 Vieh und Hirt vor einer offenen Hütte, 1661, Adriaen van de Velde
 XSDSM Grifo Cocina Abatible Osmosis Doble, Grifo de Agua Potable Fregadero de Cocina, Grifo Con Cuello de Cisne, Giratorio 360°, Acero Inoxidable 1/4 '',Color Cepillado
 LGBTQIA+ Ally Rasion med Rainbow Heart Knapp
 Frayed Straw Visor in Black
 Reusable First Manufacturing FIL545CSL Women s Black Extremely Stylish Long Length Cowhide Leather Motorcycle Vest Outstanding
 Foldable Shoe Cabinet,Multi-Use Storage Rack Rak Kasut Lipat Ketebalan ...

==

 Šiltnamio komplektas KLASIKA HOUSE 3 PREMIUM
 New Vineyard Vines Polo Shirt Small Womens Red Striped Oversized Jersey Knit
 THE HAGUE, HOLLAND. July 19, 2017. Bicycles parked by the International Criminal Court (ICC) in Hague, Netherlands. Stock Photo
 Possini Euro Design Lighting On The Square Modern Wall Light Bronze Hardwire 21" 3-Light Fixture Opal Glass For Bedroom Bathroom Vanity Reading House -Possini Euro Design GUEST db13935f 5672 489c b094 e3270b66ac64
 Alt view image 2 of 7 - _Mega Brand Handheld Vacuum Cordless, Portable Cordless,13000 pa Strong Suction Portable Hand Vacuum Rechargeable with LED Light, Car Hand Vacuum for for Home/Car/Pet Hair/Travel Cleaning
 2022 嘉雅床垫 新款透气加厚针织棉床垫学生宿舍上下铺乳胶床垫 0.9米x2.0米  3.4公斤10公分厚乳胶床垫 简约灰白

* * *

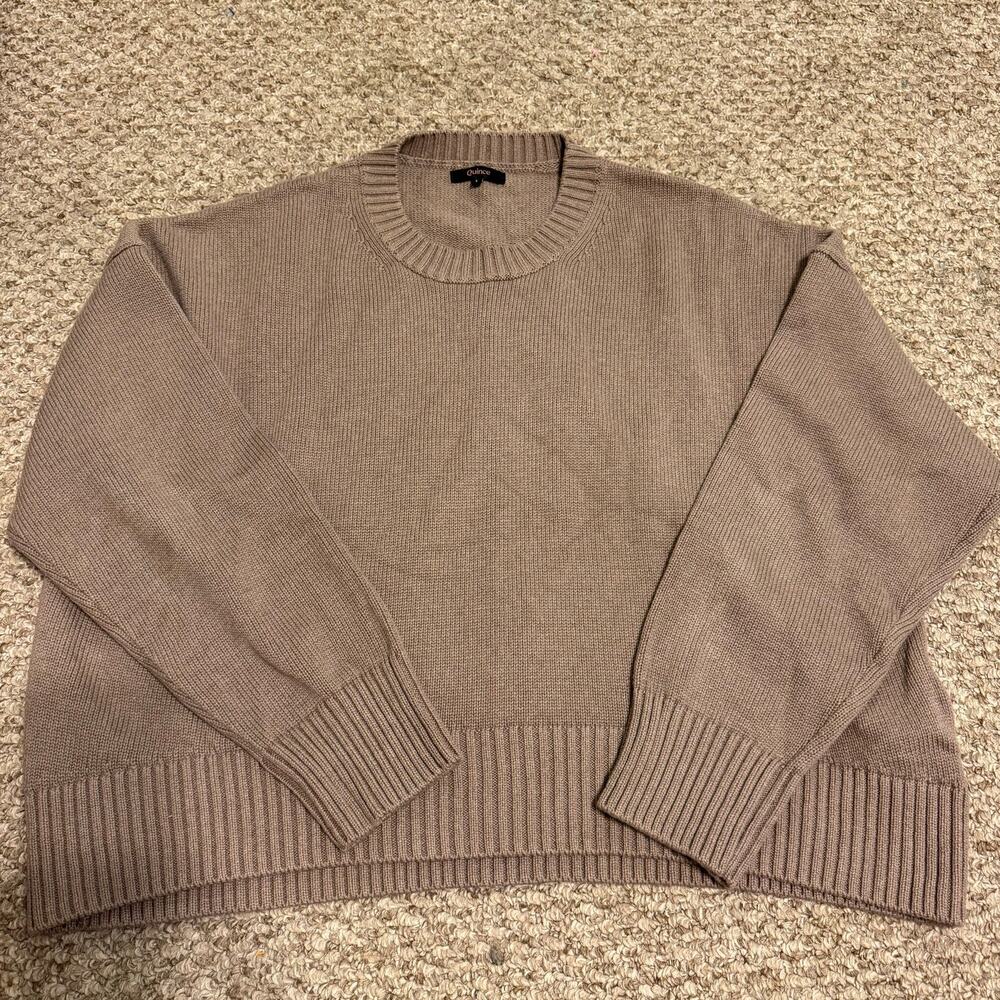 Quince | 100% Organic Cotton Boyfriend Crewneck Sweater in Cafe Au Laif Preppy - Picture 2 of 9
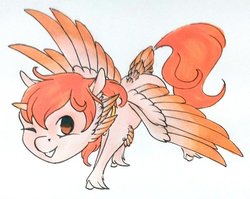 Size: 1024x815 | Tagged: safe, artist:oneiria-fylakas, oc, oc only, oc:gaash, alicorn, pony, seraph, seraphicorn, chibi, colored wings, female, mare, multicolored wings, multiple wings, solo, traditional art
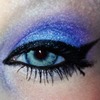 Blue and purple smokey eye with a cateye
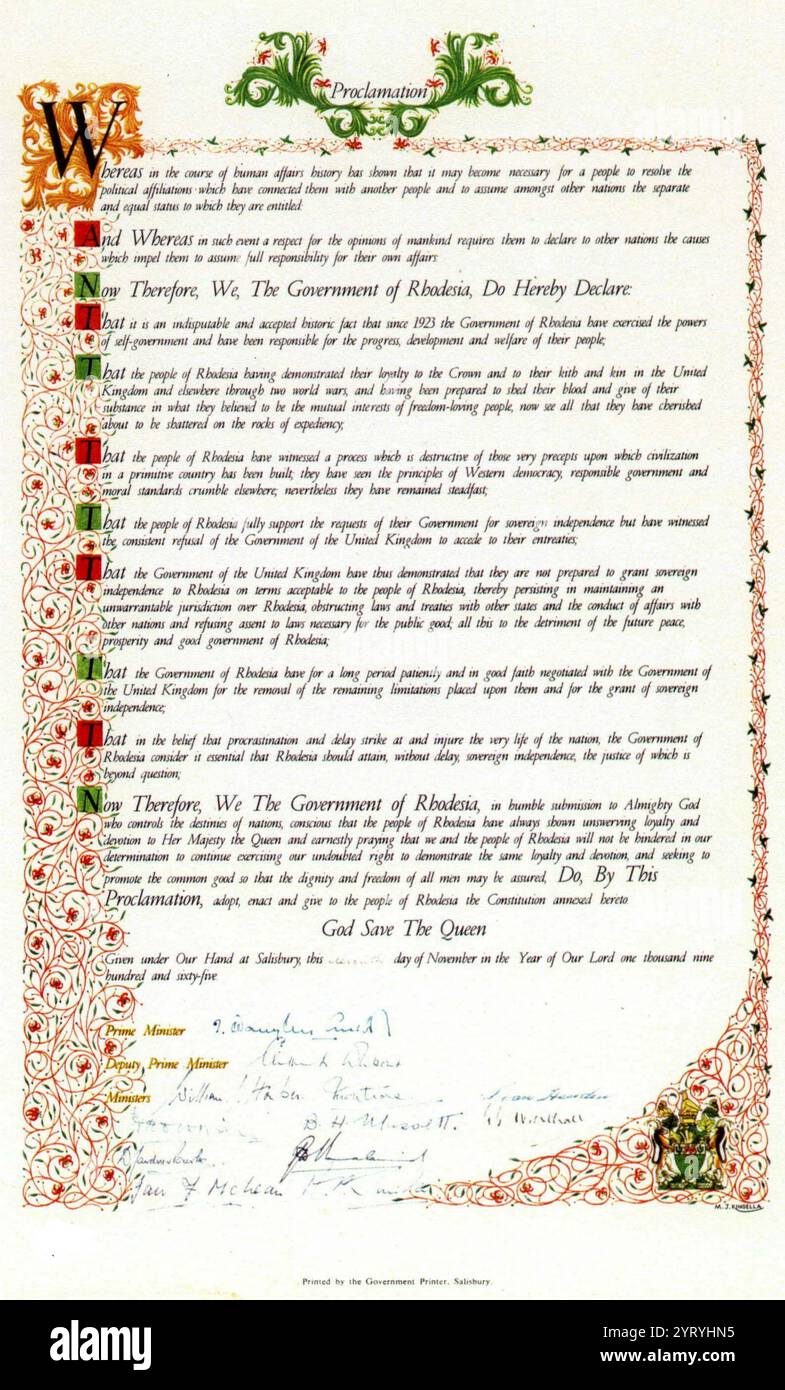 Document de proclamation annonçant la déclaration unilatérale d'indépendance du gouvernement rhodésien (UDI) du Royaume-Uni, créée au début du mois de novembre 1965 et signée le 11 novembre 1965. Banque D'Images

WHAT THE EXERCISE ASKS:
Each line in the entries above, starting at the line with "Vieh und Hirt" and ending at the line with "Foldable Shoe Cabinet,Multi-Use", is to be printed exactly, and only those lines.

EXERCISE ANSWER:
 Vieh und Hirt vor einer offenen Hütte, 1661, Adriaen van de Velde
 XSDSM Grifo Cocina Abatible Osmosis Doble, Grifo de Agua Potable Fregadero de Cocina, Grifo Con Cuello de Cisne, Giratorio 360°, Acero Inoxidable 1/4 '',Color Cepillado
 LGBTQIA+ Ally Rasion med Rainbow Heart Knapp
 Frayed Straw Visor in Black
 Reusable First Manufacturing FIL545CSL Women s Black Extremely Stylish Long Length Cowhide Leather Motorcycle Vest Outstanding
 Foldable Shoe Cabinet,Multi-Use Storage Rack Rak Kasut Lipat Ketebalan ...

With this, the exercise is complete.